GET /api/mot-history?vrm={plate}

Server-side proxy to the DVSA Trade API. Performs OAuth2 client-credentials authentication, caches the token, and returns the raw DVSA vehicle + MOT test history payload.

GET /api/mot-history?vrm=AB12CDE

Also accepts ?registration= as an alias.

Success response: DVSA payload including make, model, fuelType, firstUsedDate, motTests[] (with completedDate, testResult, odometerValue, expiryDate).

Error response:

{
  "error": "DVSA request failed",
  "dvsa_status": 404,
  "dvsa_response": { "errorCode": "...", "errorMessage": "Vehicle not found" }
}

Getting started

Prerequisites

  • Node.js ≥ 18 (for the API)
  • Python 3.11 (for ML training only — not needed to run the app)
  • A Vercel account (or any Node.js-compatible host)
  • DVSA Trade API credentials (see Environment variables)

Local development

# 1. Clone
git clone https://github.com/kamrangul87/autodun-mot-predictor.git
cd autodun-mot-predictor

# 2. Install Vercel CLI
npm install -g vercel

# 3. Copy and fill in environment variables
cp .env.example .env.local
# Edit .env.local with your DVSA credentials

# 4. Run locally (serves /public as static + /api as serverless)
vercel dev

The app is now running at http://localhost:3000.

Note: Without DVSA credentials the number plate lookup returns a 500 error. The manual form (age + mileage inputs) and /api/predict endpoint work without any credentials.

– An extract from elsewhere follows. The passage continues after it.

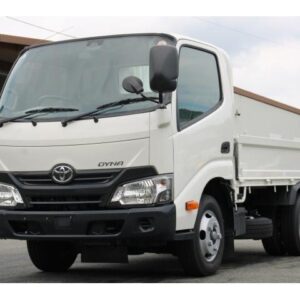 2019 Toyota Dyna Truck white diesel used car Japan export
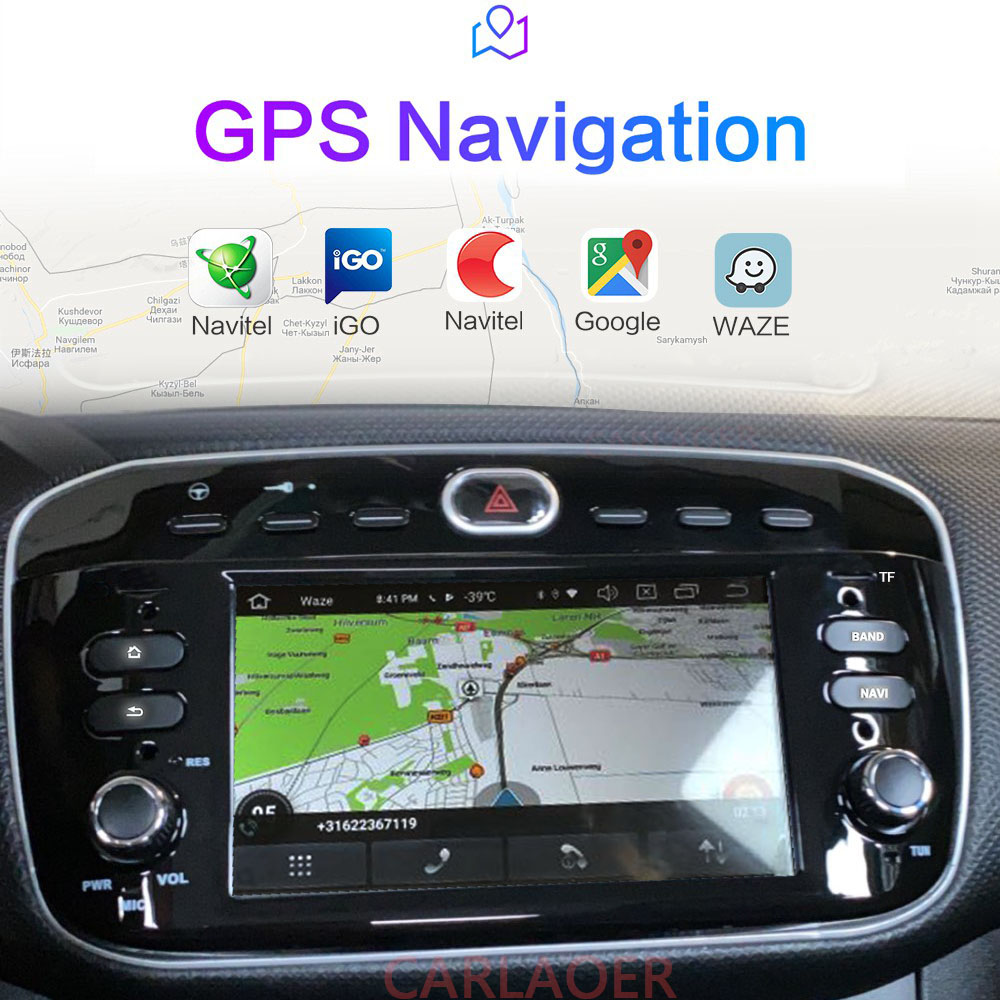 Car Android For Fiat Linea Punto EVO 2012 2013 2014 2015 Grande Linea 2007-12 Auto Radio Stereo GPS Navigation Multimedia Player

Run the ML training pipeline

# Install Python dependencies
pip install -r ml/requirements.txt

# Clean raw data (DVSA-style CSV)
python ml/scripts/clean_data.py

# Train the model — outputs ml/models/mot_model_v2.json
python ml/scripts/train_mot_v2.py

The JSON model is loaded by api/predict.js on the next cold-start (or Vercel redeploy).


Environment variables

Copy .env.example to .env.local for local dev, or set these in your Vercel project settings for production.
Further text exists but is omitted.